Data for this task –
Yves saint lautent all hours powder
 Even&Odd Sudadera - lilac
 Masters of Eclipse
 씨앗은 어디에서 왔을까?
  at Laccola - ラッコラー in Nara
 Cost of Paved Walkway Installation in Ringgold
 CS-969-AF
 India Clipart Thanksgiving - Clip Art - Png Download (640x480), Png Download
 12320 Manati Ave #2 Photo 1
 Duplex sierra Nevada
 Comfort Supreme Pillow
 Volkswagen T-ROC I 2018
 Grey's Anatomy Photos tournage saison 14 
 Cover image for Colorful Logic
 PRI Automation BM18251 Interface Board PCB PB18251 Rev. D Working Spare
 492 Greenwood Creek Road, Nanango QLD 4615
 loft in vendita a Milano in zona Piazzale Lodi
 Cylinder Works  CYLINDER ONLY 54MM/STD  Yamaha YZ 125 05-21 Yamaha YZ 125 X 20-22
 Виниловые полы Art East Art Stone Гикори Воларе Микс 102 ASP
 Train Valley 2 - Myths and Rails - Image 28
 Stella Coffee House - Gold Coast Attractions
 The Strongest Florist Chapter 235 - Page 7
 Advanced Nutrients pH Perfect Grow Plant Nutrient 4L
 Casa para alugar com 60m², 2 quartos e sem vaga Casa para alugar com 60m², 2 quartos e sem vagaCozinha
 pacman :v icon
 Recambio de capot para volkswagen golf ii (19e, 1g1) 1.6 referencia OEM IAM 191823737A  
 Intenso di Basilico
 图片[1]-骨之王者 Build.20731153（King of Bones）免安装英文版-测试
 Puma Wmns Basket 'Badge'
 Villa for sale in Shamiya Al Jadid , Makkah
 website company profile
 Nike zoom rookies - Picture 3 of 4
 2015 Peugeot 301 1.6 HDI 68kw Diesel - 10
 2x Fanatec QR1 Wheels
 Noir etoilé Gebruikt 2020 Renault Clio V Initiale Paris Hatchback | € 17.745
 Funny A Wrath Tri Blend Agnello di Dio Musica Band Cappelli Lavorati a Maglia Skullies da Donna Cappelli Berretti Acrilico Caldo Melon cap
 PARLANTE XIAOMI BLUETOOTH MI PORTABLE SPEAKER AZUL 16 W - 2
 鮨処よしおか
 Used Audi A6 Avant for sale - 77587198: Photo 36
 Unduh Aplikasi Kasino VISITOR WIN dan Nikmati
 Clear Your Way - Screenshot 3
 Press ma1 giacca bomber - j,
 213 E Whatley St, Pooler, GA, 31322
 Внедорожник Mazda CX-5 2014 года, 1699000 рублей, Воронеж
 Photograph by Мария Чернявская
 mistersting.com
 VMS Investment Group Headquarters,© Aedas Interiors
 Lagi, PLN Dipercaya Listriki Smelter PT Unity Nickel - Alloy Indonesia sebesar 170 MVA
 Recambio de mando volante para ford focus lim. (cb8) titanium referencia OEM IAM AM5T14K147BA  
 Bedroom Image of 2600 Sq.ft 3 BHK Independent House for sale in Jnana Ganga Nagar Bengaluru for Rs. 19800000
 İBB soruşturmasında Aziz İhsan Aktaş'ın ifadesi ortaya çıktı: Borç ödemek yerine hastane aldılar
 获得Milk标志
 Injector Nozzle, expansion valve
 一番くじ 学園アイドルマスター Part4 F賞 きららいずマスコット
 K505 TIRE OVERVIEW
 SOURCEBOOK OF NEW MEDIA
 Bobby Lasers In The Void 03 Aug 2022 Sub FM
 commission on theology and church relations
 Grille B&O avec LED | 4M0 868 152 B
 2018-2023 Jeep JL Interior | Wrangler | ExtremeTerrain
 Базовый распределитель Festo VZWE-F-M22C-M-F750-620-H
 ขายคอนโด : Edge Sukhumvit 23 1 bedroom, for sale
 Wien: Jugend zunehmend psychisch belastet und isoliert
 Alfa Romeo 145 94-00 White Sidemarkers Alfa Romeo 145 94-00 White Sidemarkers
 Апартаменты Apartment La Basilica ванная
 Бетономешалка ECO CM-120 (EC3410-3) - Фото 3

Directions for this task – The material above should be retyped in full, exactly as given.

Task result –
Yves saint lautent all hours powder
 Even&Odd Sudadera - lilac
 Masters of Eclipse
 씨앗은 어디에서 왔을까?
  at Laccola - ラッコラー in Nara
 Cost of Paved Walkway Installation in Ringgold
 CS-969-AF
 India Clipart Thanksgiving - Clip Art - Png Download (640x480), Png Download
 12320 Manati Ave #2 Photo 1
 Duplex sierra Nevada
 Comfort Supreme Pillow
 Volkswagen T-ROC I 2018
 Grey's Anatomy Photos tournage saison 14 
 Cover image for Colorful Logic
 PRI Automation BM18251 Interface Board PCB PB18251 Rev. D Working Spare
 492 Greenwood Creek Road, Nanango QLD 4615
 loft in vendita a Milano in zona Piazzale Lodi
 Cylinder Works  CYLINDER ONLY 54MM/STD  Yamaha YZ 125 05-21 Yamaha YZ 125 X 20-22
 Виниловые полы Art East Art Stone Гикори Воларе Микс 102 ASP
 Train Valley 2 - Myths and Rails - Image 28
 Stella Coffee House - Gold Coast Attractions
 The Strongest Florist Chapter 235 - Page 7
 Advanced Nutrients pH Perfect Grow Plant Nutrient 4L
 Casa para alugar com 60m², 2 quartos e sem vaga Casa para alugar com 60m², 2 quartos e sem vagaCozinha
 pacman :v icon
 Recambio de capot para volkswagen golf ii (19e, 1g1) 1.6 referencia OEM IAM 191823737A  
 Intenso di Basilico
 图片[1]-骨之王者 Build.20731153（King of Bones）免安装英文版-测试
 Puma Wmns Basket 'Badge'
 Villa for sale in Shamiya Al Jadid , Makkah
 website company profile
 Nike zoom rookies - Picture 3 of 4
 2015 Peugeot 301 1.6 HDI 68kw Diesel - 10
 2x Fanatec QR1 Wheels
 Noir etoilé Gebruikt 2020 Renault Clio V Initiale Paris Hatchback | € 17.745
 Funny A Wrath Tri Blend Agnello di Dio Musica Band Cappelli Lavorati a Maglia Skullies da Donna Cappelli Berretti Acrilico Caldo Melon cap
 PARLANTE XIAOMI BLUETOOTH MI PORTABLE SPEAKER AZUL 16 W - 2
 鮨処よしおか
 Used Audi A6 Avant for sale - 77587198: Photo 36
 Unduh Aplikasi Kasino VISITOR WIN dan Nikmati
 Clear Your Way - Screenshot 3
 Press ma1 giacca bomber - j,
 213 E Whatley St, Pooler, GA, 31322
 Внедорожник Mazda CX-5 2014 года, 1699000 рублей, Воронеж
 Photograph by Мария Чернявская
 mistersting.com
 VMS Investment Group Headquarters,© Aedas Interiors
 Lagi, PLN Dipercaya Listriki Smelter PT Unity Nickel - Alloy Indonesia sebesar 170 MVA
 Recambio de mando volante para ford focus lim. (cb8) titanium referencia OEM IAM AM5T14K147BA  
 Bedroom Image of 2600 Sq.ft 3 BHK Independent House for sale in Jnana Ganga Nagar Bengaluru for Rs. 19800000
 İBB soruşturmasında Aziz İhsan Aktaş'ın ifadesi ortaya çıktı: Borç ödemek yerine hastane aldılar
 获得Milk标志
 Injector Nozzle, expansion valve
 一番くじ 学園アイドルマスター Part4 F賞 きららいずマスコット
 K505 TIRE OVERVIEW
 SOURCEBOOK OF NEW MEDIA
 Bobby Lasers In The Void 03 Aug 2022 Sub FM
 commission on theology and church relations
 Grille B&O avec LED | 4M0 868 152 B
 2018-2023 Jeep JL Interior | Wrangler | ExtremeTerrain
 Базовый распределитель Festo VZWE-F-M22C-M-F750-620-H
 ขายคอนโด : Edge Sukhumvit 23 1 bedroom, for sale
 Wien: Jugend zunehmend psychisch belastet und isoliert
 Alfa Romeo 145 94-00 White Sidemarkers Alfa Romeo 145 94-00 White Sidemarkers
 Апартаменты Apartment La Basilica ванная
 Бетономешалка ECO CM-120 (EC3410-3) - Фото 3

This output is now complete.